**Task objective**.
Output the span of lines from the one that contains "Used 2023 Tesla" through the end of the records, inclusive, exactly as written and free of pictures.

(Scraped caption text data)
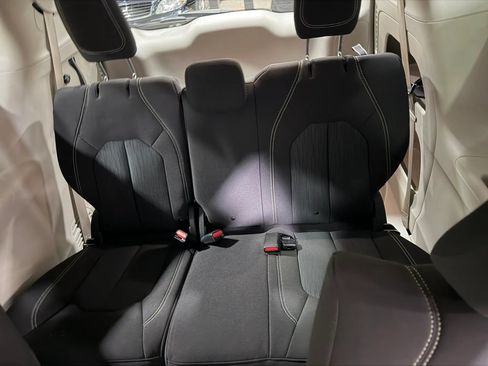 Used 2020 Chrysler Voyager LX FWD image 27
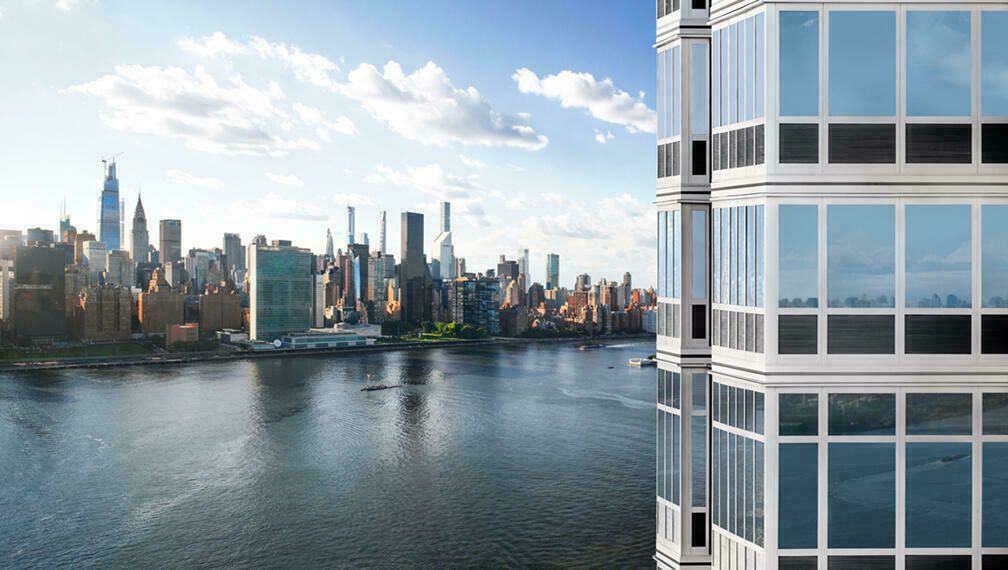 47-50 Center Boulevard #2905 - Photo 2 of 14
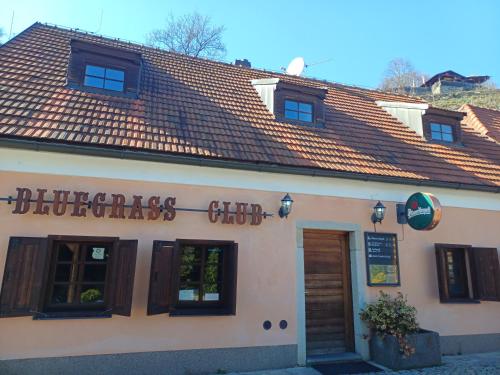 a building with a sign that reads kindness club at Penzion Bluegrass in Český Krumlov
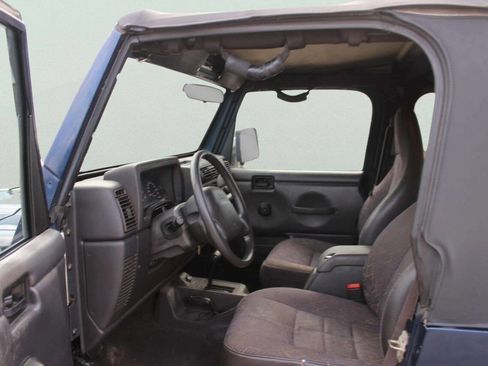 Used 2002 Jeep Wrangler X AWD/4WD image 6
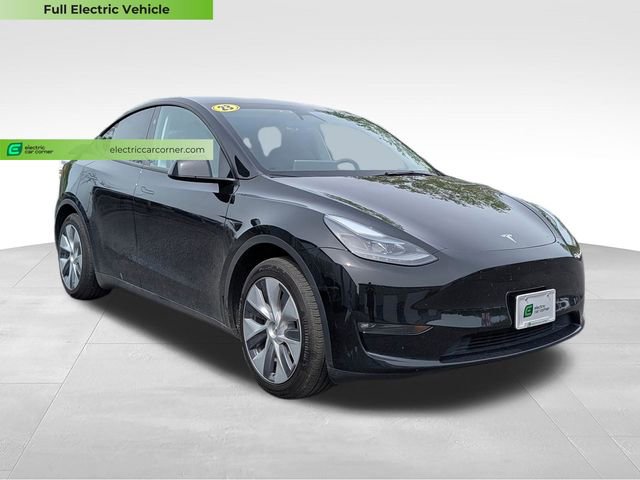 Used 2023 Tesla Model Y Long Range AWD/4WD image 1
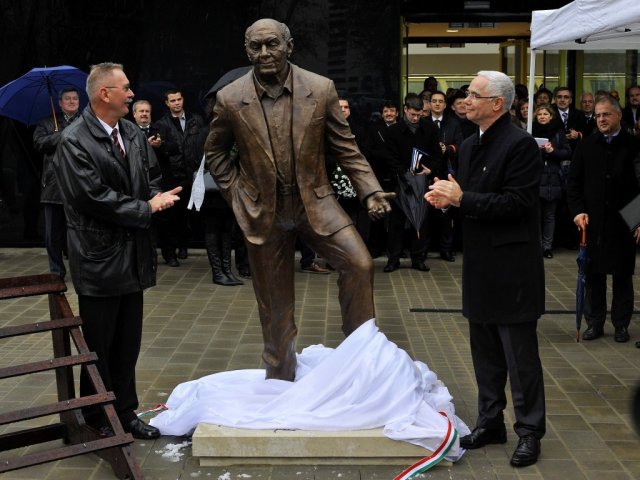 Buzánszky Jenő emlékére szobrot, Lakat Károly emlékére táblát avattak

**Response area**.
 Used 2023 Tesla Model Y Long Range AWD/4WD image 1
 Buzánszky Jenő emlékére szobrot, Lakat Károly emlékére táblát avattak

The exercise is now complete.